▶ **Data in this exercise**
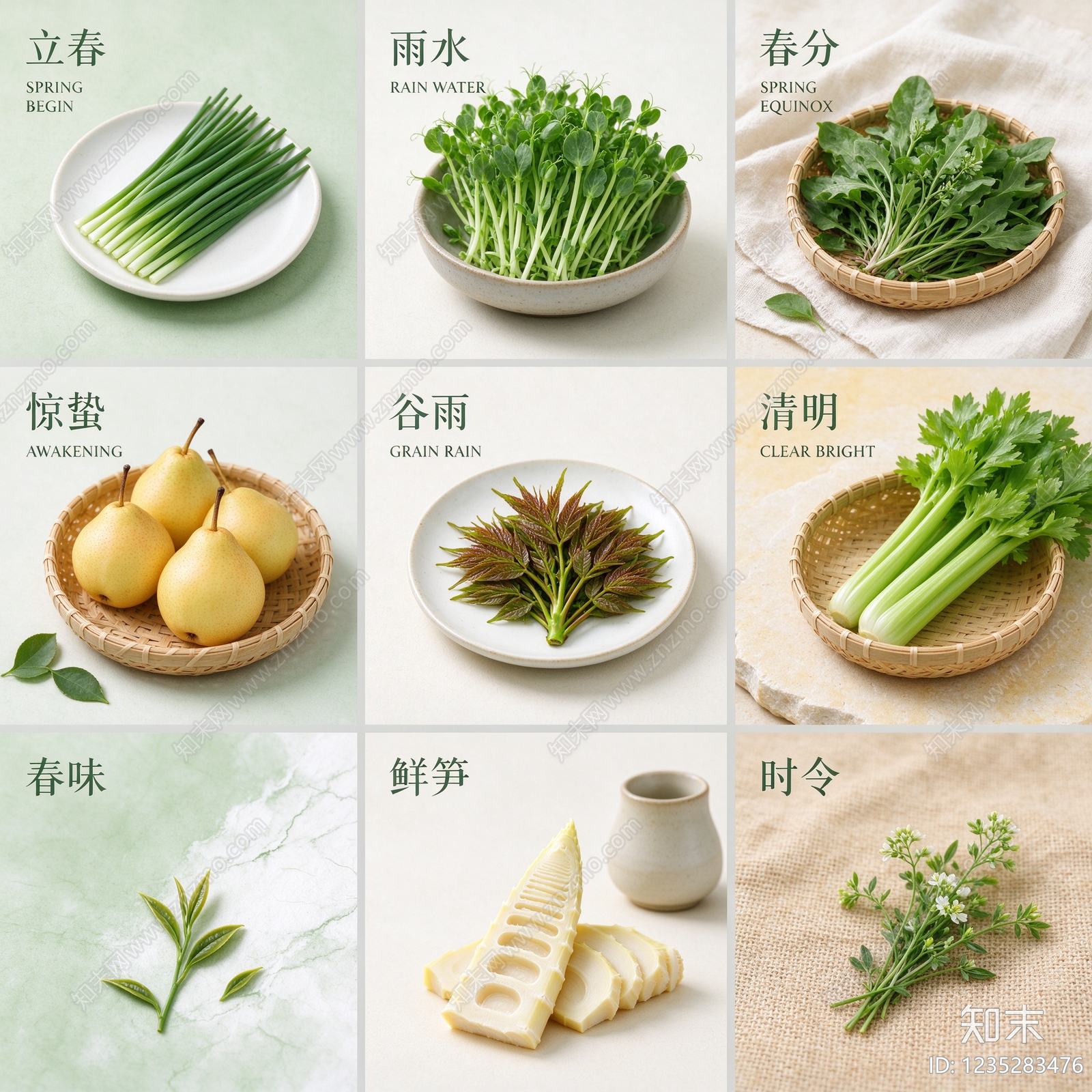 其他风景贴图下载【ID:1235283476】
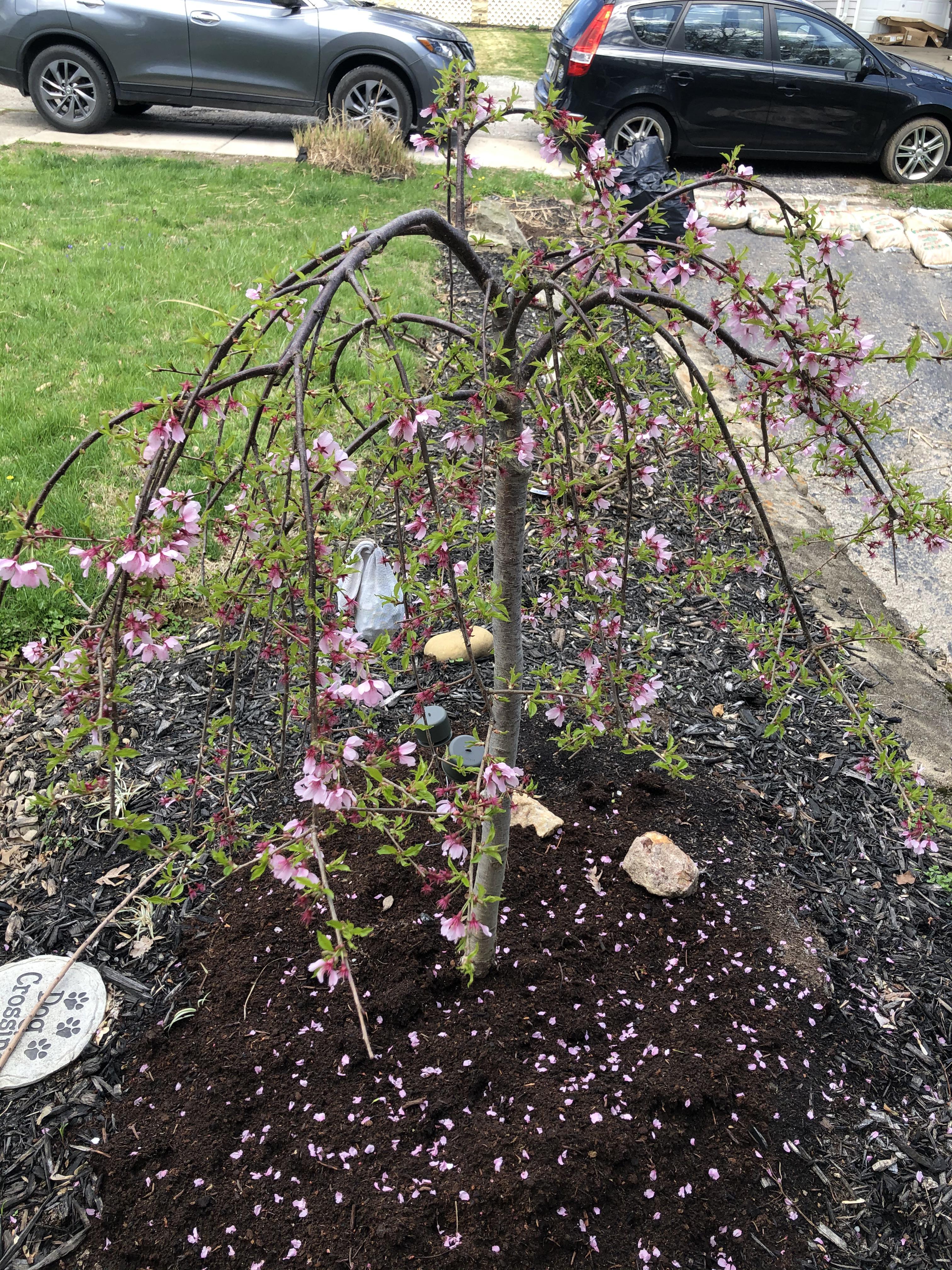 It’s still early here in Ohio, but my Cherry Tree ( planted last year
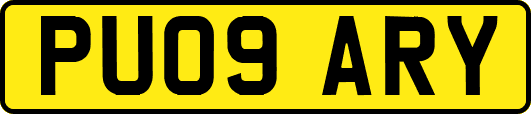 PU09ARY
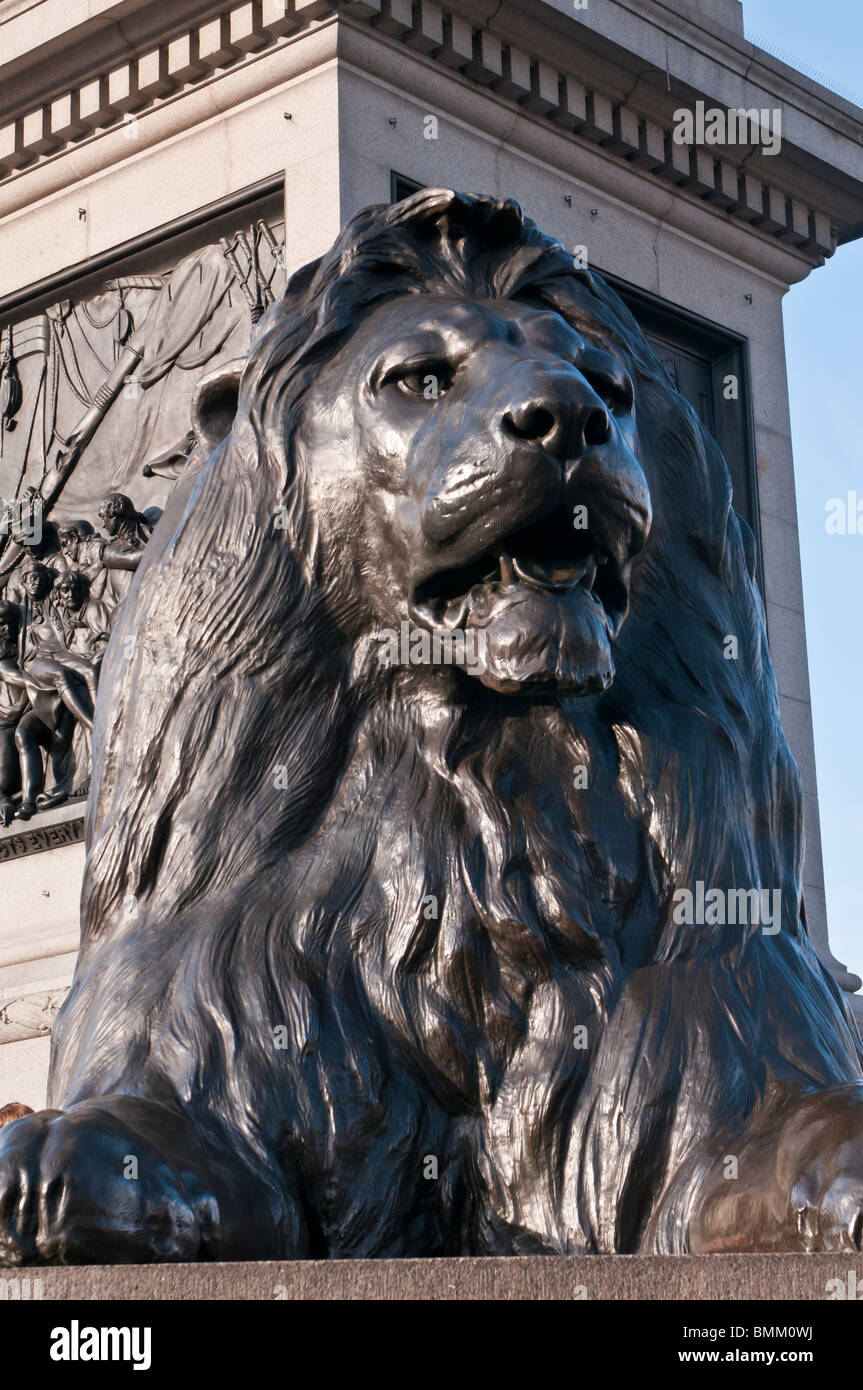 Trafalgar square london lion hi-res stock photography and images - Alamy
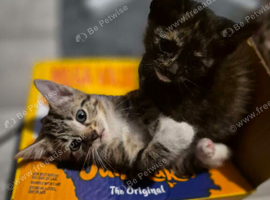 2 female beautiful kittens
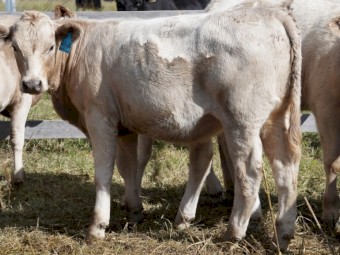 Angus Charolais x Heifers September 2022 Drop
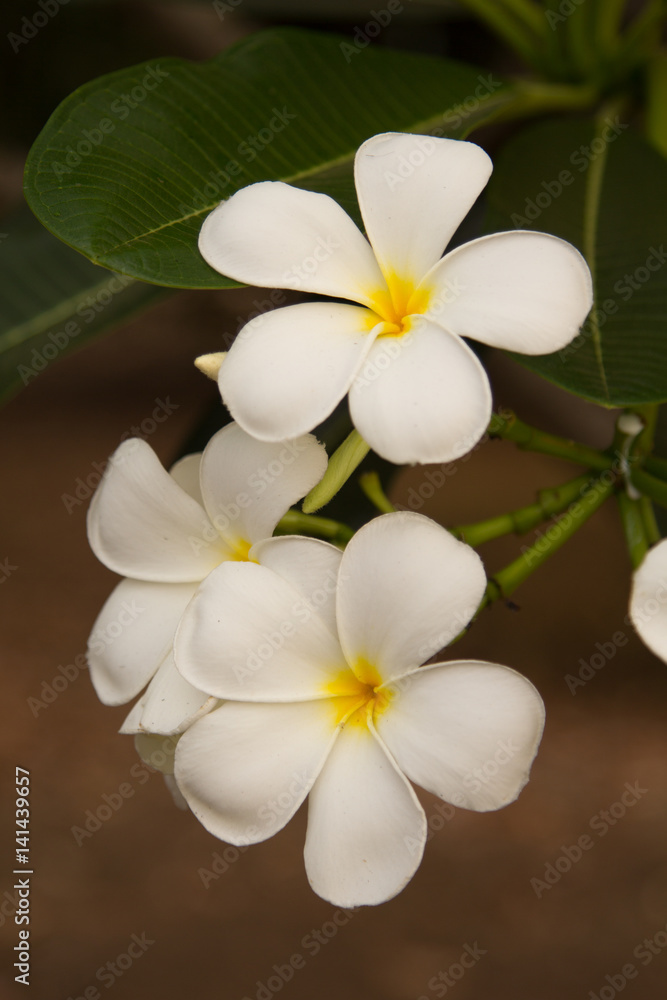 Flower,White plumeria on the plumeria tree Flower,White plumeria on the plumeria tree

▶ **Task instructions**
Hand back exactly the lines from the one with "It’s still early" through the last line of the data above, both ends included, with every picture left out.

▶ **Task answer**
 It’s still early here in Ohio, but my Cherry Tree ( planted last year
 PU09ARY
 Trafalgar square london lion hi-res stock photography and images - Alamy
 2 female beautiful kittens
 Angus Charolais x Heifers September 2022 Drop
 Flower,White plumeria on the plumeria tree Flower,White plumeria on the plumeria tree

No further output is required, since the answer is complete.